Now this is a teeny-tiny book with a great cover, the exact length and breadth you pick off the cash counter as an impulse buy, while paying for your proper book stash. In this ‘visit to Leh … nothing short of a pilgrimage’ Vasanth has ‘tried not to stray the line of making this a travel guide’, attempting to bring to the fore the otherwise hidden, and personal, moments of travel. A holiday comprises a wide spectrum of emotions, and so the author aims at not just a re-telling of done deeds but also including ‘those fleeting moments you spend preparing for the day.’

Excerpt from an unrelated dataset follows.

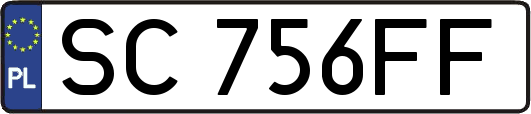 SC756FF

What we get as we read this travel account is a good idea of Vasanth’s idea of travel in general, a short peep into Leh’s local culture, persistent doses of marital humour and unexpected travel travails which translate into moments of epiphany as well as thoughts of gratitude god-wards. Cold is a constant presence and source of concern and rightly acknowledged in the title of the book itself.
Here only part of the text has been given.